Skeptophilia (skep-to-fil-i-a) (n.) - the love of logical thought, skepticism, and thinking critically. Being an exploration of the applications of skeptical thinking to the world at large, with periodic excursions into linguistics, music, politics, cryptozoology, and why people keep seeing the face of Jesus on grilled cheese sandwiches.

Monday, May 23, 2022

Behind the mirror

I know I've snarked before about the how unbearably goofy the old 1960s television show Lost in Space was, but I have to admit that every once in a (long) while, they nailed it.  And one of the best examples is the first-season episode "The Magic Mirror."

Well, mostly nailed it.  The subplot about how real girls care about makeup and hair and being pretty is more than a little cringe-inducing.  But the overarching story -- about mirrors being portals to a parallel world, and a boy who is trapped behind them because he has no reflection -- is brilliant.  And the other-side-of-the-mirror world he lives in is hauntingly surreal.

I was thinking about this episode because of a paper that appeared in Physical Review Letters last week entitled, "Symmetry of Cosmological Observables, a Mirror World Dark Sector, and the Hubble Constant," by Francis-Yan Cyr-Ravine, Fei Ge, and Lloyd Knox, of the University of New Mexico.  What this paper does is offer a possible solution to the Hubble constant problem -- that the rate of expansion of the universe as predicted by current mathematical models is significantly smaller than the actual measured expansion rate.

What Cyr-Racine, Ge, and Knox propose is that there is an unseen "mirror world" of particles that coexists alongside our own, interacting only through gravity but otherwise invisible to detection.  At first, I thought they might be talking about something like dark matter -- a form of matter that only (very) weakly interacts with ordinary matter -- but it turns out that what they're saying is even weirder.

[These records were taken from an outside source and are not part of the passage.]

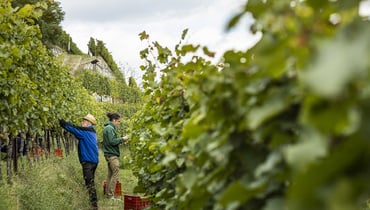 Harvest in the vineyard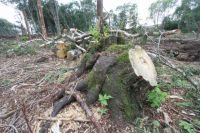 Общий объем незаконно вырубленных лесных насаждений составил более 11 тысяч кубометров.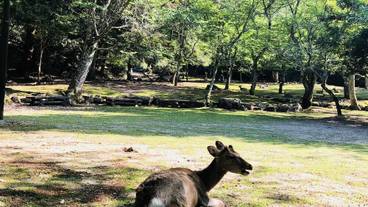 観光スポット / 13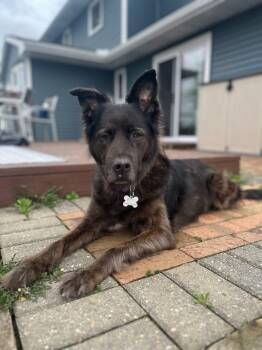 Katydid -  Labrador Retriever Dog for Adoption in Grove City, Ohio - Katydid | PetCurious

"This discrepancy is one that many cosmologists have been trying to solve by changing our current cosmological model," Cyr-Racine told Science Daily "The challenge is to do so without ruining the agreement between standard model predictions and many other cosmological phenomena, such as the cosmic microwave background...  Basically, we point out that a lot of the observations we do in cosmology have an inherent symmetry under rescaling the universe as a whole.  This might provide a way to understand why there appears to be a discrepancy between different measurements of the universe's expansion rate.  In practice, this scaling symmetry could only be realized by including a mirror world in the model -- a parallel universe with new particles that are all copies of known particles.  The mirror world idea first arose in the 1990s but has not previously been recognized as a potential solution to the Hubble constant problem.  This might seem crazy at face value, but such mirror worlds have a large physics literature in a completely different context since they can help solve important problem in particle physics.  Our work allows us to link, for the first time, this large literature to an important problem in cosmology."

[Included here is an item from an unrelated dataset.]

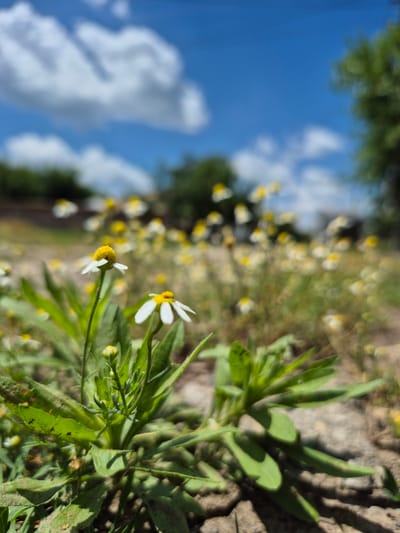 In a close-up, low-angle shot, a field of small white flowers with yellow centers, resembling daisies, is in bloom. The flowers are scattered across dry, cracked earth, with lush green leaves emerging from the soil. In the background, more flowers and trees are visible, softened by a shallow depth of field. The sky above is a vibrant blue, dotted with fluffy white clouds. The scene appears to be a natural landscape, possibly in or around Kardam, Bulgaria, given the context of the request. There are no people or animals present in the image.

The word "important" is a bit of an understatement.  The Hubble constant problem is one of the biggest puzzles in physics; why theory and observation are so different on this one critical point, and how to fix the theory without blowing to smithereens everything that the theory does predict correctly.  "It went from two and a half Sigma, to three, and three and a half to four Sigma. By now, we are pretty much at the five-Sigma level," said Cyr-Racine.  "That's the key number which makes this a real problem because you have two measurements of the same thing, which if you have a consistent picture of the universe should just be completely consistent with each other, but they differ by a very statistically significant amount.  That's the premise here, and we've been thinking about what could be causing that and why are these measurements discrepant?  So that's a big problem for cosmology.  We just don't seem to understand what the universe is doing today."

I know that despite my background in science, I can have a pretty wild imagination.  It's an occupational hazard of being a speculative fiction writer.  I hear some new scientific finding, and immediately start putting some weird spin on it that, though it might be interesting, is completely unwarranted by the actual research.  But look at Cyr-Racine's own words: a parallel universe with new particles that are all copies of known particles.  I think I'm to be excused for thinking of "The Magic Mirror" and other science fiction stories about ghostly worlds coexisting, unseen, with our own.

I'm not going to pretend to understand the math behind the Cyr-Racine et al. paper; despite having a B.S. in physics, academic papers in the discipline usually lose me in the first paragraph (if not the abstract).  But it's a fascinating and spooky idea.  I doubt if what's going on has anything to do with surreal worlds behind mirrors and boys who are trapped because they have no reflection, but the reality -- if it bears up under analysis -- isn't a whole lot less weird.